=== Begin Enclosure ===

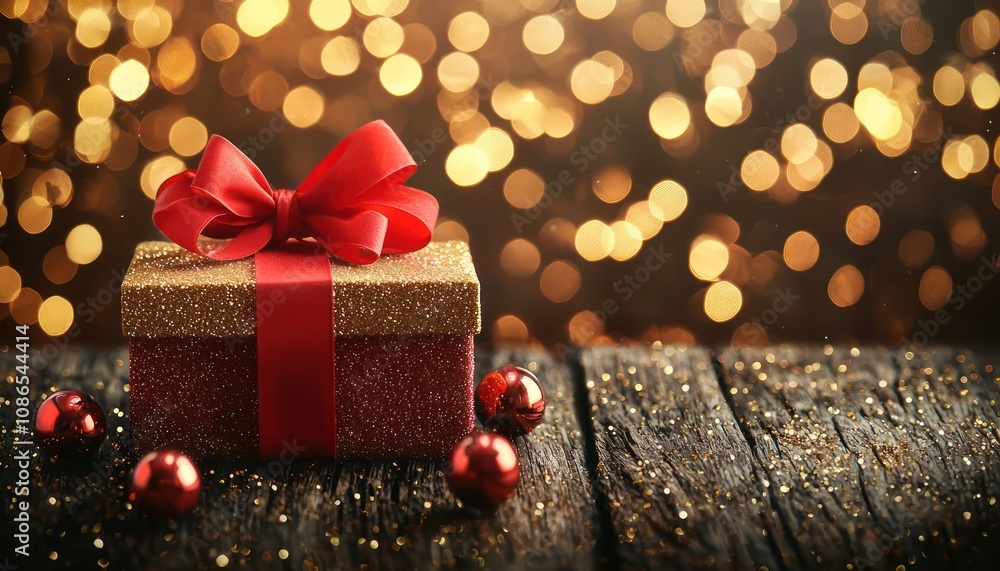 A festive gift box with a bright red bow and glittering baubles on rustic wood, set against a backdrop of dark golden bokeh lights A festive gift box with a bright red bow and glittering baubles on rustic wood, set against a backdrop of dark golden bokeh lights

=== End Enclosure ===
=== Begin Enclosure ===

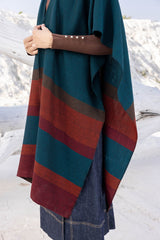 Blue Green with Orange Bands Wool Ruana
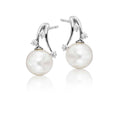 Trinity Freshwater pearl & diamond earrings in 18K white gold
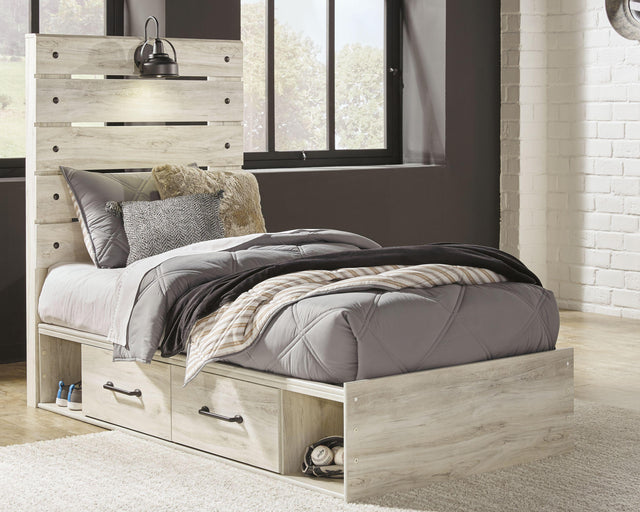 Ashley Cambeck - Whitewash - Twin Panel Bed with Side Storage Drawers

=== End Enclosure ===

### Task requirements
Restate word for word the lines of the data above that begin at the line with "Trinity Freshwater pearl" and end at the line with "Ashley Cambeck - Whitewash", keeping both ends and dropping every picture.

### Task solution
 Trinity Freshwater pearl & diamond earrings in 18K white gold
 Ashley Cambeck - Whitewash - Twin Panel Bed with Side Storage Drawers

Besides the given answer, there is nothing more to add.